| WHAT TO WORK ON |
The entries below contain pictures, which are to be left out; write out exactly, and only, the lines from the line with "Method for comprehensively" up to and including the line with "Fig. 13 - ANTISENSE".

| STORED DATA |

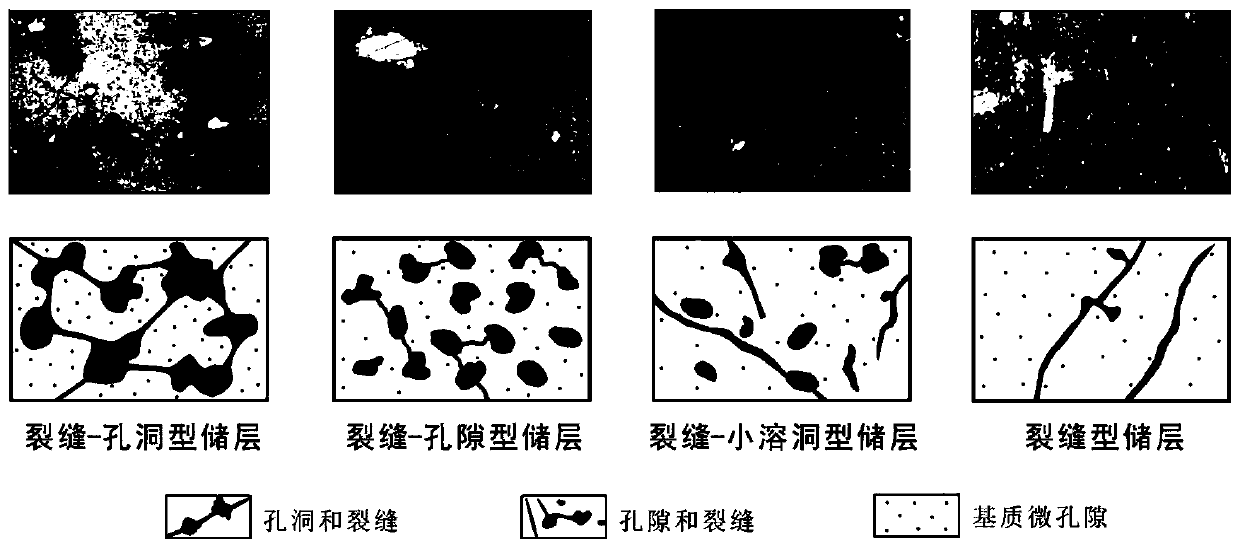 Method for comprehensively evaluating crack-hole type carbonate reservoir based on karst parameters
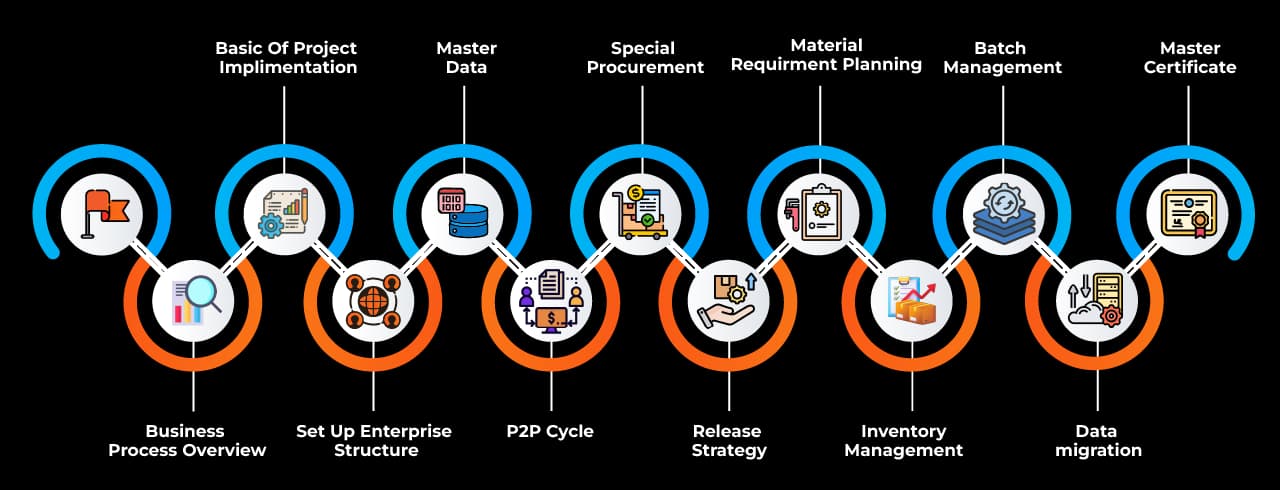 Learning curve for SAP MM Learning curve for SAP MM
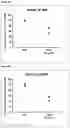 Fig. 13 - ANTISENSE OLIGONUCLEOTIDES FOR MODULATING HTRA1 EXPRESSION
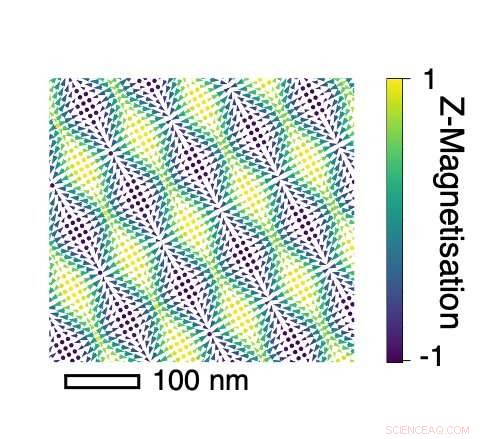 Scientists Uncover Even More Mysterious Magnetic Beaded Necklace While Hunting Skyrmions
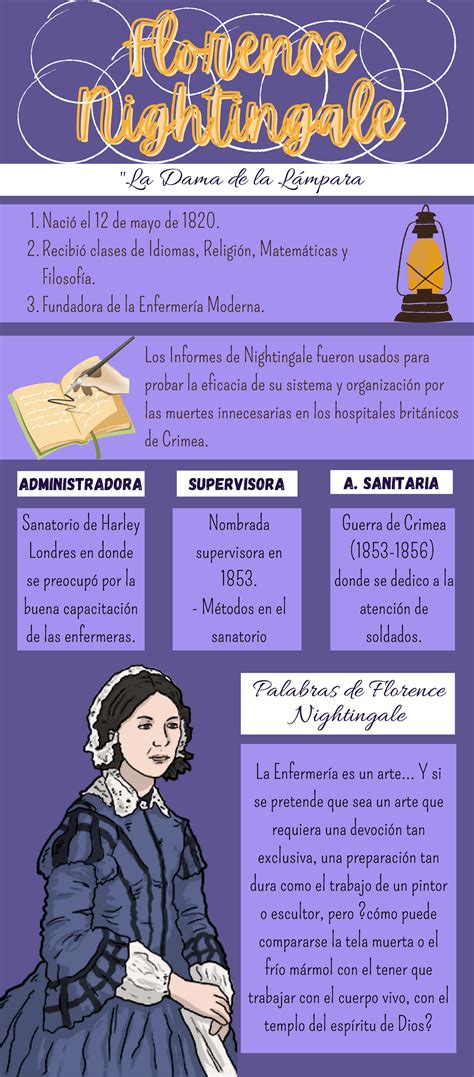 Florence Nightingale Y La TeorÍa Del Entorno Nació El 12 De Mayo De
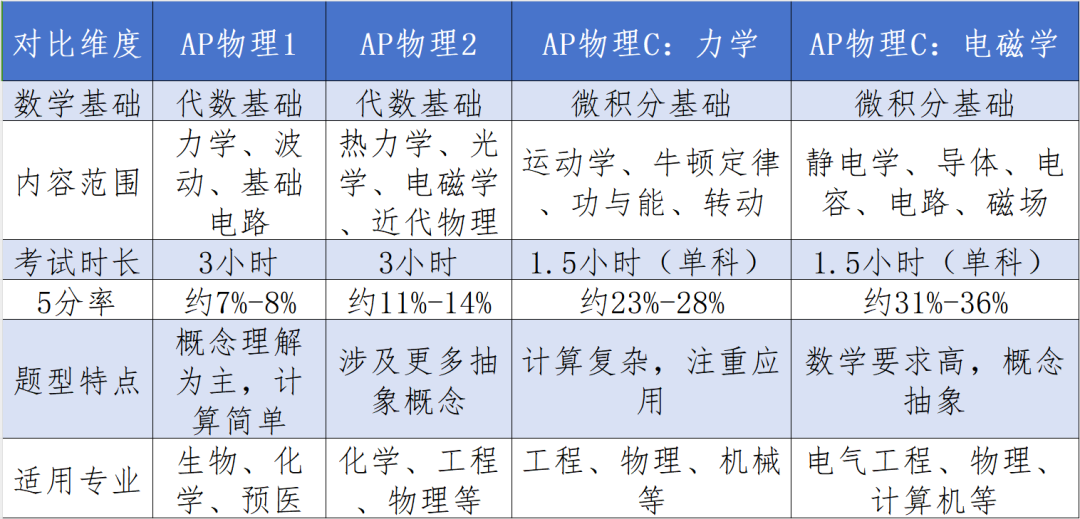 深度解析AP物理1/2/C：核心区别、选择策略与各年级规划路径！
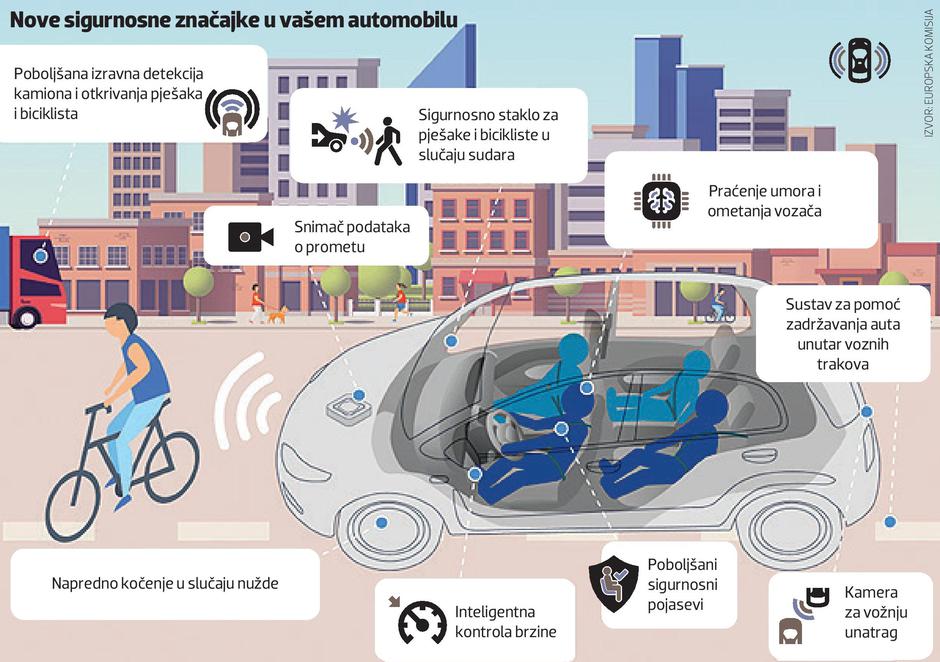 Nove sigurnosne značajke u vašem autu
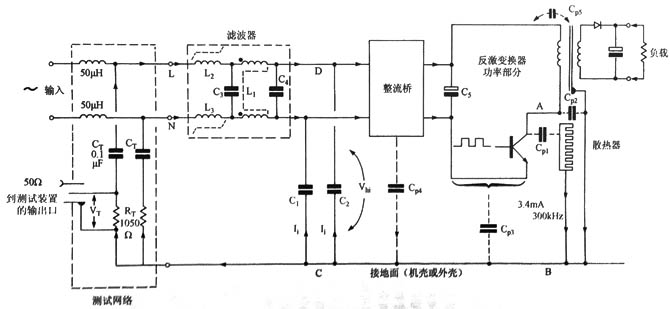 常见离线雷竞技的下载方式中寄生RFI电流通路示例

---

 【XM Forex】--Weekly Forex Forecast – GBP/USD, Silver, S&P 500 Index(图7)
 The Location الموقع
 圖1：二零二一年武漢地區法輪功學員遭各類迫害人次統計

| WRITTEN REPLY |
 Method for comprehensively evaluating crack-hole type carbonate reservoir based on karst parameters
 Learning curve for SAP MM Learning curve for SAP MM
 Fig. 13 - ANTISENSE OLIGONUCLEOTIDES FOR MODULATING HTRA1 EXPRESSION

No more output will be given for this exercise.